LAS VEGAS -- There had been plenty of trash-talking in the week before Amir Khan and Danny Garcia stepped into the ring at the Mandalay Bay on Saturday night, much of it between Khan and Garcia's father Angel. Khan wasn't present at the postfight press conference, but Angel was, and he wasn't afraid to keep fighting the war of words even as his foe nursed his wounds at the hospital.
"Rematch?!" he exclaimed when it was suggested that maybe his son might face Khan again following his explosive fourth-round victory. "Why would we fight him again?" After comparing him to an old pair of tennis shoes, Angel spat that Khan was "old news. He's an ex-champion. He's a three-time ex-champion."
That last comment in particular cut to the quick. Khan could excuse his first loss, a shocking first-round KO defeat to Breidis Prescott: Khan was young, he was raw, and he had subsequently improved under the tutelage of trainer Freddie Roach. His second defeat, last December to Lamont Peterson, similarly came with a set of asterisks and, given Peterson's subsequent positive test for synthetic testosterone, may yet be expunged from the record books.
This one, however, was different. Despite a half-hearted suggestion from Khan in the immediate aftermath that perhaps Kenny Bayless had been premature in halting the contest, there could be no doubt. This was a fight that Khan had had in his grasp, that he was winning through two and two-thirds rounds, his hand speed and combination punching making him seem a class apart from his young opponent.
But Garcia never lost his composure, and kept coming forward behind a tight defense. And when Khan presented him with a chance, he took it, landing an explosive left hook that detonated on Khan's jaw. Although the bout officially lasted another round, it was effectively over as a contest right then; as Roach admitted afterward, Khan never really recovered from that blow.
The fight highlighted everything that is good and bad about Khan: On the good side, his immense physical gifts and his astonishing heart, which, combined with his flaws, make for consistently exciting fights, win or lose; on the bad, the questions that arose anew about his chin, which it seems will always be a weakness, wherever he goes from here.

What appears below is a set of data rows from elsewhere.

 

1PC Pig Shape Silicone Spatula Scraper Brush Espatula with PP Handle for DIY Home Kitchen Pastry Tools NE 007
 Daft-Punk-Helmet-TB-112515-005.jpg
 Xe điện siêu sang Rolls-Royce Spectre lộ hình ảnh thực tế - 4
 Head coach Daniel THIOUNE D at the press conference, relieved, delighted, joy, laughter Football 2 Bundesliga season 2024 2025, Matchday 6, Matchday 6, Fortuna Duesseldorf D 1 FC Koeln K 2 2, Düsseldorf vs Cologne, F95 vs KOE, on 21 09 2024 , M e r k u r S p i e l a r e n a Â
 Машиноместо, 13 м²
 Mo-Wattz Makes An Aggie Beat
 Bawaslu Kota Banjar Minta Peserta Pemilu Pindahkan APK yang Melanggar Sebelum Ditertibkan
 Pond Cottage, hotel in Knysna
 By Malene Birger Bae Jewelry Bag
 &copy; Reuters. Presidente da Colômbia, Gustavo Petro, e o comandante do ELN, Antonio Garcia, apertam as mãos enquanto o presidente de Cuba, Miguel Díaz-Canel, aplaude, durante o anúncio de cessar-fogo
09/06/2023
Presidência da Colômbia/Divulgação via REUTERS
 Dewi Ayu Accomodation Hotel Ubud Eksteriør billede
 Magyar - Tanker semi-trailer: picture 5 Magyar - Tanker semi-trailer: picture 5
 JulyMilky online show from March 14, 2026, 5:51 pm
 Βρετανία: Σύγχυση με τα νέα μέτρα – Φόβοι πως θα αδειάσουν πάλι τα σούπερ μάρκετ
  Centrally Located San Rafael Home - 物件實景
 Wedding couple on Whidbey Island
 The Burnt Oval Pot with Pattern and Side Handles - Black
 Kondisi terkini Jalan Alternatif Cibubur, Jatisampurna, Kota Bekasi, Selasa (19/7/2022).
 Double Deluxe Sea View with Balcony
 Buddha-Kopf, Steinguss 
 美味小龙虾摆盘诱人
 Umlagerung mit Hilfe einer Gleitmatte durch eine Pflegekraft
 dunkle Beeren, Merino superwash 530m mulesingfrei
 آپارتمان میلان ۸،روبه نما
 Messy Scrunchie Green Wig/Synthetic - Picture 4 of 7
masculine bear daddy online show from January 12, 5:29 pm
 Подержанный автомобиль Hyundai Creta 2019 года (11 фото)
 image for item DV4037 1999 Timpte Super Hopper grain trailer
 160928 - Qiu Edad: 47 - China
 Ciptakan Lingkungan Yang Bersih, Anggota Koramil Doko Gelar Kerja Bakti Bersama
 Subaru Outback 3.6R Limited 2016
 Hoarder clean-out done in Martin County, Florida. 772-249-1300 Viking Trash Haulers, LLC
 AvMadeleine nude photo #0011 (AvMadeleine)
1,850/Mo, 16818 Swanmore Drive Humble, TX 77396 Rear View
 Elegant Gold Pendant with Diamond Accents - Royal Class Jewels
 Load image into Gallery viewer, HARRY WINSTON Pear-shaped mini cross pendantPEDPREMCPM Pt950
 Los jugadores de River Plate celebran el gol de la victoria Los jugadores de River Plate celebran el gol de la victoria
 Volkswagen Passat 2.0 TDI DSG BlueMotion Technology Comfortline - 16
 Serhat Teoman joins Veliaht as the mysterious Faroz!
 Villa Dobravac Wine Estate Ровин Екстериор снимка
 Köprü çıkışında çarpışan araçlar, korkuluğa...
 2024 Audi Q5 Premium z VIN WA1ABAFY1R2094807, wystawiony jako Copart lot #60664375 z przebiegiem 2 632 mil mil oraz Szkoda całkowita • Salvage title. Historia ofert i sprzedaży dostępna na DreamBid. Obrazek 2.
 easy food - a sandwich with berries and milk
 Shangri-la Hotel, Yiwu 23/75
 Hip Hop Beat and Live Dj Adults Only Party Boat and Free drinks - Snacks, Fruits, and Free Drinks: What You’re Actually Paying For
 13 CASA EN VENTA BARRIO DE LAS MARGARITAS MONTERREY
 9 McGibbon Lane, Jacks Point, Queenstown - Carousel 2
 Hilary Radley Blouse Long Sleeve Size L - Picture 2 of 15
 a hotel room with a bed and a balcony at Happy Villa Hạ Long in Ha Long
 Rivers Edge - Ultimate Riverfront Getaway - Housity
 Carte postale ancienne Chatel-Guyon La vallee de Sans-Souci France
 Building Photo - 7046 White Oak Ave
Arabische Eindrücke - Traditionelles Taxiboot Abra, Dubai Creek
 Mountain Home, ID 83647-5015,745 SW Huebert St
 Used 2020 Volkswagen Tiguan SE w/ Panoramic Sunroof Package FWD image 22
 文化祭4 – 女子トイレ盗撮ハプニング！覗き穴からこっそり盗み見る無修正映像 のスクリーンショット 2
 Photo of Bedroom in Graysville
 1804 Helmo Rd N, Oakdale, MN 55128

For Danny Garcia, the immediate future is bright. With victories over Erik Morales and now Khan, he has, as they say, arrived. Khan arrived, at least as an attraction and as a star, some years ago. The question has been when he would move on, take the next step to a higher level among the elites. Now that question is not so much when, but if. And his absence in the face of Angel Garcia's taunts served only to underline that it is a question to which we almost certainly now know the answer.